Crawled caption data:
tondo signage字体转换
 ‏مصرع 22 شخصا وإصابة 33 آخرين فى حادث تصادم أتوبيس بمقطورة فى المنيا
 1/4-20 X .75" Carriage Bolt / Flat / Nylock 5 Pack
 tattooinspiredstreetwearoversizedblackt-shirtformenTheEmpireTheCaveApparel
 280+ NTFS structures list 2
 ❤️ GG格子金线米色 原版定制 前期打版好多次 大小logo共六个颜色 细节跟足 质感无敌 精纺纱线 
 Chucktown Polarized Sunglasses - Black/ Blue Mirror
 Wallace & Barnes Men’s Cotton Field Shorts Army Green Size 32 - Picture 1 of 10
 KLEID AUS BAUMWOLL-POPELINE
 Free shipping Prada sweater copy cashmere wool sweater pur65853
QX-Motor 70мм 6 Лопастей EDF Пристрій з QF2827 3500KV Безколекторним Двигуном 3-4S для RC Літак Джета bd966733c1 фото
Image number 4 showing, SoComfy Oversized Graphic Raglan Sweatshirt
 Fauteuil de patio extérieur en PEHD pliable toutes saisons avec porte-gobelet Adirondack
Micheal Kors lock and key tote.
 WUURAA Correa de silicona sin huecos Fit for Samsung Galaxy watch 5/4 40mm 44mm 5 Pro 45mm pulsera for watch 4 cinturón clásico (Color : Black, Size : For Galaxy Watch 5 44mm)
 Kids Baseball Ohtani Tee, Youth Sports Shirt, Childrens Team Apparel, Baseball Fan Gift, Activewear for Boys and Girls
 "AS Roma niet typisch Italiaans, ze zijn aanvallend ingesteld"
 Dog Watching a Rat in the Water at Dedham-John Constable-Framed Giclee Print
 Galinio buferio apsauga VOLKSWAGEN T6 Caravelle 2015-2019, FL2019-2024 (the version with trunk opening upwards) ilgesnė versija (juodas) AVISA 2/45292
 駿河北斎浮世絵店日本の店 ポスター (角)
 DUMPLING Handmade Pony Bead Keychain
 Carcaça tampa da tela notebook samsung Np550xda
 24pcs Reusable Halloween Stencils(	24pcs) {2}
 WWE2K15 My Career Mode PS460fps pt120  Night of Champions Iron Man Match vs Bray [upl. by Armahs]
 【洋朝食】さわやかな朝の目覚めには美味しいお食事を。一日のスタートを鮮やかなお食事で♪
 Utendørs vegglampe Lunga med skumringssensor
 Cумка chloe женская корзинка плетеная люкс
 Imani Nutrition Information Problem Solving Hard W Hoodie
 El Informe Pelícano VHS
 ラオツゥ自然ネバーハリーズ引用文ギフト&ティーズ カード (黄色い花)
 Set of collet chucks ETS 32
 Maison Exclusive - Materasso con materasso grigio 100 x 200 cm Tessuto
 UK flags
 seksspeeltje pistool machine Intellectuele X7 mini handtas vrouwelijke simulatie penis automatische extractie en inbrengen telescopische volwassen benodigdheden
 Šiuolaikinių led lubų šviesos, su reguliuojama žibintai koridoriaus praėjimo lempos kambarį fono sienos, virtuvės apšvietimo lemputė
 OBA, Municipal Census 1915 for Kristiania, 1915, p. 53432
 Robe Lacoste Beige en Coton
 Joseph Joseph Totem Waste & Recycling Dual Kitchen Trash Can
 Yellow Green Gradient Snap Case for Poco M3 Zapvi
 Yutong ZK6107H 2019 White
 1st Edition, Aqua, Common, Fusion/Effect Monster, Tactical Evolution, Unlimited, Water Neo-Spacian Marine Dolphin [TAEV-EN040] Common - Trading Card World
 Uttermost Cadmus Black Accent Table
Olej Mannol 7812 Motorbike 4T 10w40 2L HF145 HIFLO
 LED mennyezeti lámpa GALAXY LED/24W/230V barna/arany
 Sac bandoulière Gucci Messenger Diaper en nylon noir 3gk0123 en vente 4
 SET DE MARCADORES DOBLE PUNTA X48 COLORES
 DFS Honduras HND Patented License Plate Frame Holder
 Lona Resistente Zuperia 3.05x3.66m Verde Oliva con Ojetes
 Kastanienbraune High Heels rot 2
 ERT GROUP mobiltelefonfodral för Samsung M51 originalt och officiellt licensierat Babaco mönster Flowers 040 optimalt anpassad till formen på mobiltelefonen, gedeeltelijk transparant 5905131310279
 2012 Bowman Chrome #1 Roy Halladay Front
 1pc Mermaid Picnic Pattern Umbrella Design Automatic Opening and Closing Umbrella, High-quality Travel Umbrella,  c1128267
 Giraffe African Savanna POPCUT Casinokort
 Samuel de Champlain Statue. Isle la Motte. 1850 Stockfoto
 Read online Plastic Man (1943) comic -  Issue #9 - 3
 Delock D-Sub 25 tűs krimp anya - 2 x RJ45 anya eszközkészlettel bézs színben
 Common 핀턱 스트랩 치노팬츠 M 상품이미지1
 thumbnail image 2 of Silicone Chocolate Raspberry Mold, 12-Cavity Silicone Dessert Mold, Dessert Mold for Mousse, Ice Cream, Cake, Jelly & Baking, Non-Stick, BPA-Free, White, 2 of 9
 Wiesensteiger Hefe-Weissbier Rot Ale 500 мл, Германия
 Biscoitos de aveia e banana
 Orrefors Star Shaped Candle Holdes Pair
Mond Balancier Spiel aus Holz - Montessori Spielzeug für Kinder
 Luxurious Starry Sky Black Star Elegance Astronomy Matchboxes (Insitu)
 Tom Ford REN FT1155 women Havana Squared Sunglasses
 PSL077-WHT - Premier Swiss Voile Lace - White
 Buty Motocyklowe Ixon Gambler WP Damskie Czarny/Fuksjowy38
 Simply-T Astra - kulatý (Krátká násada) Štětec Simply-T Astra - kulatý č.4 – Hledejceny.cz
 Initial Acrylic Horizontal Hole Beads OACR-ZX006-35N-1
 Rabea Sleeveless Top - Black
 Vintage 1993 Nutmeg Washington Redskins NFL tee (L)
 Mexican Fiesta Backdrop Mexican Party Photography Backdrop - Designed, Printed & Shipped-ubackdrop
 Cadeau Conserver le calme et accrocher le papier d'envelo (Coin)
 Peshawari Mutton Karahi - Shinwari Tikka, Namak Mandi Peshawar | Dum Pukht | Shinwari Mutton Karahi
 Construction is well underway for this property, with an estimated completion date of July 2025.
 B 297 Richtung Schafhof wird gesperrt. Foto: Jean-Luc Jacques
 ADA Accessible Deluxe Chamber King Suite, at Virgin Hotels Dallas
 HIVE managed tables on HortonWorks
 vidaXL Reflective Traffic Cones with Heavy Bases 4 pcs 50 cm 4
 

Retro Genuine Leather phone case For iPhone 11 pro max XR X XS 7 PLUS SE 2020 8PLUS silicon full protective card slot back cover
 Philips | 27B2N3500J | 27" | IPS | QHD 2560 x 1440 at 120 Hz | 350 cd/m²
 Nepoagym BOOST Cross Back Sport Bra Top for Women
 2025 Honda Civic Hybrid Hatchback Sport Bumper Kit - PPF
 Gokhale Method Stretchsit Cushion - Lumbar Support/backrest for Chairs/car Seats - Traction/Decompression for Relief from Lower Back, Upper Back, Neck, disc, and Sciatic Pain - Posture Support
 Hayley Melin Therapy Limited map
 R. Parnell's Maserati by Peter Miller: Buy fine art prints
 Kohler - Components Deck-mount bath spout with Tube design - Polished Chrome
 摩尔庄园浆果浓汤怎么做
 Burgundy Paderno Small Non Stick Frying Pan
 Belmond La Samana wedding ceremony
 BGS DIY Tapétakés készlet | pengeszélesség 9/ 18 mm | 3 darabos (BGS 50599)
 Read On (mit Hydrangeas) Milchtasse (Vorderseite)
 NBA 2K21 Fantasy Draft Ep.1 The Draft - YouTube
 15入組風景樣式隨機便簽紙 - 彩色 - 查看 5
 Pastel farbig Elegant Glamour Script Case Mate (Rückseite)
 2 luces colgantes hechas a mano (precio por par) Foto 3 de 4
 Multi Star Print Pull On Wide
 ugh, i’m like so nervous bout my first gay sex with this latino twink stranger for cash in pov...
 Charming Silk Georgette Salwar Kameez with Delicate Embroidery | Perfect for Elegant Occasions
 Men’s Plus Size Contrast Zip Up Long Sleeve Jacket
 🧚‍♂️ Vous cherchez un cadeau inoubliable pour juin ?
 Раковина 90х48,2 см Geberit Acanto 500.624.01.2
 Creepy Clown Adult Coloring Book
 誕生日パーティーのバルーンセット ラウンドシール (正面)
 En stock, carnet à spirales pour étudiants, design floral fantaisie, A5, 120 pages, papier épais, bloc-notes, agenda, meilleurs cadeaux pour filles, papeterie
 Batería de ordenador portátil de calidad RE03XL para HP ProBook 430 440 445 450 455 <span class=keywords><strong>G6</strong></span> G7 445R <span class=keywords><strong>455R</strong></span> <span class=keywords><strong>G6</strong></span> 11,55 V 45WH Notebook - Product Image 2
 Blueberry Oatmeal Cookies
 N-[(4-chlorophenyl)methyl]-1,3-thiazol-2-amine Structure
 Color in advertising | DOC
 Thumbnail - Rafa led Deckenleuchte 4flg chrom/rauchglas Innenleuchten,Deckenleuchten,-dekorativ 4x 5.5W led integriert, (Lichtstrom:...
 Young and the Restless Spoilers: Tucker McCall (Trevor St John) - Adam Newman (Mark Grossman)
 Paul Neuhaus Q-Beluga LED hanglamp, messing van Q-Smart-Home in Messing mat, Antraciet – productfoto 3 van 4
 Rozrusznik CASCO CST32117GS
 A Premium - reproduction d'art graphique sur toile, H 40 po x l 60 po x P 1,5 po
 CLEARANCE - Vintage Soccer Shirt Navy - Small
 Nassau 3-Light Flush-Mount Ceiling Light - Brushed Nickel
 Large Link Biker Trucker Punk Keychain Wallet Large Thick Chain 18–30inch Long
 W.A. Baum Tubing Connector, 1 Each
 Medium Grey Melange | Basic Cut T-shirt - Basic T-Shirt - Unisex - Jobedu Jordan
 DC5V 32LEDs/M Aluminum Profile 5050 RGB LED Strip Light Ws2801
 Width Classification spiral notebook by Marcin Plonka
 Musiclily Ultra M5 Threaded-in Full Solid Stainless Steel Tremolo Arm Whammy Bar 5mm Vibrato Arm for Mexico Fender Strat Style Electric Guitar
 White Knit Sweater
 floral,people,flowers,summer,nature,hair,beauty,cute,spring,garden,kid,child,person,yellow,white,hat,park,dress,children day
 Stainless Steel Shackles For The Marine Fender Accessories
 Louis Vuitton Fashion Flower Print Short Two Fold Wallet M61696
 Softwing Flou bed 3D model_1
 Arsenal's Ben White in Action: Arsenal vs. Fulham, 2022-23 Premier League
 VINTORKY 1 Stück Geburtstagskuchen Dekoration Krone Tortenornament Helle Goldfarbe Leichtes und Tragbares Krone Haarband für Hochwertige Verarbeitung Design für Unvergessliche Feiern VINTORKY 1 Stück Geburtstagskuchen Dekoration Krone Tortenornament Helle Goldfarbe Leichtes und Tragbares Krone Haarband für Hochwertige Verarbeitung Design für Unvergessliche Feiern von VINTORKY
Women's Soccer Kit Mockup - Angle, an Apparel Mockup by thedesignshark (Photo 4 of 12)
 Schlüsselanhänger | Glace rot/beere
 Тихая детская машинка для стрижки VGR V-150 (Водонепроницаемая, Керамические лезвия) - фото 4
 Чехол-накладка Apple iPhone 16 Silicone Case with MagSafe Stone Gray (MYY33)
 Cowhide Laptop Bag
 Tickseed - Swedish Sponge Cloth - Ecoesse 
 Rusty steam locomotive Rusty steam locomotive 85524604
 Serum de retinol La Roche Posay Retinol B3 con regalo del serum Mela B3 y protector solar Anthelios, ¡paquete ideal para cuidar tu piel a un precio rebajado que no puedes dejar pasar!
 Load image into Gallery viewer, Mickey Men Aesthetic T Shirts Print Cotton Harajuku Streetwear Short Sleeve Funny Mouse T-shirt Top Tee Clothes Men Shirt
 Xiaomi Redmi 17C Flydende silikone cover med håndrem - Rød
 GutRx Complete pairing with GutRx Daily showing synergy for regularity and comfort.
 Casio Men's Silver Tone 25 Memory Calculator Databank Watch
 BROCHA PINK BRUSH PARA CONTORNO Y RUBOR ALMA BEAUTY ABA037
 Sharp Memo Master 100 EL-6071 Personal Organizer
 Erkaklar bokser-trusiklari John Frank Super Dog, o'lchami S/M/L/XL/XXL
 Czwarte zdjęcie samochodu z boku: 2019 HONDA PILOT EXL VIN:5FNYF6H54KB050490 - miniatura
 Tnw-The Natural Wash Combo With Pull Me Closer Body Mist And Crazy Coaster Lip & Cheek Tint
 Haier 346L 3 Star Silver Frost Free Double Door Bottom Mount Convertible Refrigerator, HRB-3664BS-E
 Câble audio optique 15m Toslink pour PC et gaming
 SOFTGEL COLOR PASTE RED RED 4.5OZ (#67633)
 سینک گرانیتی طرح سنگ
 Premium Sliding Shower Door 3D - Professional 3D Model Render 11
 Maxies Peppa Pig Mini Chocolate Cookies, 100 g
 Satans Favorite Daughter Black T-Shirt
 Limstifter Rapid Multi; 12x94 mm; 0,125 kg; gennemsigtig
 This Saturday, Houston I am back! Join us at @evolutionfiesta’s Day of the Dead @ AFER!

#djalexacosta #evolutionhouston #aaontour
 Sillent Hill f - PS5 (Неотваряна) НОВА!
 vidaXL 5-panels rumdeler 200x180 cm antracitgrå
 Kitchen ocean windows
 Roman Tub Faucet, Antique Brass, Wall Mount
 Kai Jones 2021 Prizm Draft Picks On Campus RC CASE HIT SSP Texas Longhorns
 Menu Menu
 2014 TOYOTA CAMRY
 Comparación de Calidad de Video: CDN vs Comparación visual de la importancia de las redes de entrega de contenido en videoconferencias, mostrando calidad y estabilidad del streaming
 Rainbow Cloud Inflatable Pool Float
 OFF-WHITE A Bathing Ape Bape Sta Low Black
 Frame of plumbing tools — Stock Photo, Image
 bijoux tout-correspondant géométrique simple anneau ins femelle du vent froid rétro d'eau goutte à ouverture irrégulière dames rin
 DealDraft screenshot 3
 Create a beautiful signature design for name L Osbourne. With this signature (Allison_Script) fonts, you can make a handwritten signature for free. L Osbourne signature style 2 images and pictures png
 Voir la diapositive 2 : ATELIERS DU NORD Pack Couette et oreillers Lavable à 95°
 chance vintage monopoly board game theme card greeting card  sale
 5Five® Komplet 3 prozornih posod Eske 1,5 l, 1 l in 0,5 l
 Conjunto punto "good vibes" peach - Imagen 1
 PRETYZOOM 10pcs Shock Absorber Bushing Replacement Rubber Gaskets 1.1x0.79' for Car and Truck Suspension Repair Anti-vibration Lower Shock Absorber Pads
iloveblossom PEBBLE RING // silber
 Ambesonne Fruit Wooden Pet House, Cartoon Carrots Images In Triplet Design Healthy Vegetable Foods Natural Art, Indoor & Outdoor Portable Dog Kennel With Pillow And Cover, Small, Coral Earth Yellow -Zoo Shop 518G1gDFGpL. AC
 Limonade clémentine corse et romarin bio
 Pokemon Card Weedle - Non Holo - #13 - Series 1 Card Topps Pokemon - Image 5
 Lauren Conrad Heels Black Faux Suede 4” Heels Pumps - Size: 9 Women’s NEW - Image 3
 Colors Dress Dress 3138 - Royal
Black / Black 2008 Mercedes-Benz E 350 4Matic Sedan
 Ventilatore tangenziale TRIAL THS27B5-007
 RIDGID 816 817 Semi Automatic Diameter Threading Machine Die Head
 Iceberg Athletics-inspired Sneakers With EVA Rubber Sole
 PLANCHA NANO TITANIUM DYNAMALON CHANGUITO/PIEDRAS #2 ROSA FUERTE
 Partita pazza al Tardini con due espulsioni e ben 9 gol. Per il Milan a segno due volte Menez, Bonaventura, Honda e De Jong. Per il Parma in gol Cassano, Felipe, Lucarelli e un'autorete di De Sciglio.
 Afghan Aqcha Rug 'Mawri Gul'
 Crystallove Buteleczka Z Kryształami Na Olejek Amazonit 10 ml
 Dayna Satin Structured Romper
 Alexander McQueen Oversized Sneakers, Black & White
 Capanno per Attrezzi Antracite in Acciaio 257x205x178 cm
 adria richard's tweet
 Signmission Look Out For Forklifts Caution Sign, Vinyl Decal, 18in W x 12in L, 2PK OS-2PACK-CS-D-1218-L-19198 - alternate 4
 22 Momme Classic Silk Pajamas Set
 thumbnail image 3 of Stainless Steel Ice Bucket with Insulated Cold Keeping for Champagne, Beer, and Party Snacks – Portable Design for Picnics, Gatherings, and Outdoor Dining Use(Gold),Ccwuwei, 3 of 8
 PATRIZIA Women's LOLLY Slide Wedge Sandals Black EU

[WHAT TO PRODUCE] Write out exactly the lines above between the line with "OBA, Municipal Census" and the line with "LED mennyezeti lámpa", inclusive, and nothing beyond them.

[TASK ANSWER]
 OBA, Municipal Census 1915 for Kristiania, 1915, p. 53432
 Robe Lacoste Beige en Coton
 Joseph Joseph Totem Waste & Recycling Dual Kitchen Trash Can
 Yellow Green Gradient Snap Case for Poco M3 Zapvi
 Yutong ZK6107H 2019 White
 1st Edition, Aqua, Common, Fusion/Effect Monster, Tactical Evolution, Unlimited, Water Neo-Spacian Marine Dolphin [TAEV-EN040] Common - Trading Card World
 Uttermost Cadmus Black Accent Table
Olej Mannol 7812 Motorbike 4T 10w40 2L HF145 HIFLO
 LED mennyezeti lámpa GALAXY LED/24W/230V barna/arany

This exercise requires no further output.